Metric review board operating rule
Run a monthly reliability board with three outputs only:
- keep — metric still drives action
- change — metric definition/threshold needs revision
- remove — metric has no decision value
This avoids dashboard sprawl.
Tail-risk tracking
In addition to average values, track:
- p90 / p95 / p99 for MTTD and MTTR
- longest open follow-up age
- worst-severity breach recurrence interval
Tail views expose the incidents that matter most.
SLO breach playbook
When breach occurs:
- open breach record within same day
- assign owner and verifier
- define corrective control candidate
- set review checkpoint within 7 days
Close breach records only with evidence of control effect.
Metric retirement criteria
Retire a metric when all are true:
- no action taken from it for 2 quarters
- overlaps strongly with another metric
- stakeholders cannot explain how they use it
Retire with a note, not silent deletion.
Metric-to-action contract
Every tracked metric must have a predefined action path.
| Metric state | Mandatory action | Owner |
|---|---|---|
| Green stable | monitor only | metric owner |
| Yellow drift | open investigation note | reliability owner |
| Red breach | execute escalation playbook | commander + service owner |
No action contract means the metric is decorative.
SLO negotiation rubric
When teams disagree on SLO targets, resolve with rubric:
- customer impact severity
- current system capability baseline
- reversibility of failures in that domain
- operational cost to meet tighter target
Choose SLOs by risk economics, not optimism.
Data reliability checks for dashboards
Run weekly checks on the measurement system itself:
- timestamp completeness ratio
- severity label consistency
- duplicate incident record rate
- source refresh delay
A resilient team measures both service reliability and metric reliability.

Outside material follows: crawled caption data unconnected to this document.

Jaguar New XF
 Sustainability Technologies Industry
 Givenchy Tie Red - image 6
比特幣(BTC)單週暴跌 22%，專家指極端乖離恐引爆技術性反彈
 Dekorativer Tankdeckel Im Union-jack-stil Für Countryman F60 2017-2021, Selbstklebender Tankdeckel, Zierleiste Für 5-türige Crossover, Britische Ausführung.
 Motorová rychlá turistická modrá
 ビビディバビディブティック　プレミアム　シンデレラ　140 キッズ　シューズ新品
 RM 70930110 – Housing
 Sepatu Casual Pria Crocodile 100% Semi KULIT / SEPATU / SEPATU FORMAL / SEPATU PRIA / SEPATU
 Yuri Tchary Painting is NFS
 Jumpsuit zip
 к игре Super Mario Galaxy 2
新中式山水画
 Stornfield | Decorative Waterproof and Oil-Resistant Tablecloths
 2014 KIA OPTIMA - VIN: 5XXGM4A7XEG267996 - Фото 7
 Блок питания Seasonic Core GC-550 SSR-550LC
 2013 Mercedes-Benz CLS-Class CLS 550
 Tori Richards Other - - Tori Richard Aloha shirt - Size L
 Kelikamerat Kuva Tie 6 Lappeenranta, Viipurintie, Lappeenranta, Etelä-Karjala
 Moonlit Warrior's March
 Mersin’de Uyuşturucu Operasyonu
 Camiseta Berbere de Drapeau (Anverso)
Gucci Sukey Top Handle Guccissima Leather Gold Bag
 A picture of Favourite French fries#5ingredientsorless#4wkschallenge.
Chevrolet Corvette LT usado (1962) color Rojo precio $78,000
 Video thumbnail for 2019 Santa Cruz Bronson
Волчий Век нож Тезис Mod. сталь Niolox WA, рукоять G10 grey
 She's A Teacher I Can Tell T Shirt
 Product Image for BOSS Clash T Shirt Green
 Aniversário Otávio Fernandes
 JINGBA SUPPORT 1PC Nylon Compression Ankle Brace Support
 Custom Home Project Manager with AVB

Executive narrative template
Tie metrics to action every month:
- what degraded
- what control was added
- what improved after control
- what remains high-risk
- who owns next correction
Leadership needs this chain to fund the right fixes.
Metric ownership rotation policy
Rotate secondary metric owners quarterly while keeping one stable primary owner.
- primary owner keeps continuity
- rotating secondary owner provides fresh challenge and catches blind spots
This prevents metric stagnation.
Forecasting with resilience trends
Add a monthly forecast section:
- expected MTTD/MTTR band next month
- top breach risk by severity class
- confidence level of forecast
- planned controls influencing forecast
Forecasting turns metrics from reporting into planning.
Alert-to-metric reconciliation
Weekly reconcile:
- alerts that triggered but did not map to incidents
- incidents discovered without corresponding alert
- breaches not represented on dashboard
Gaps here indicate monitoring-model drift.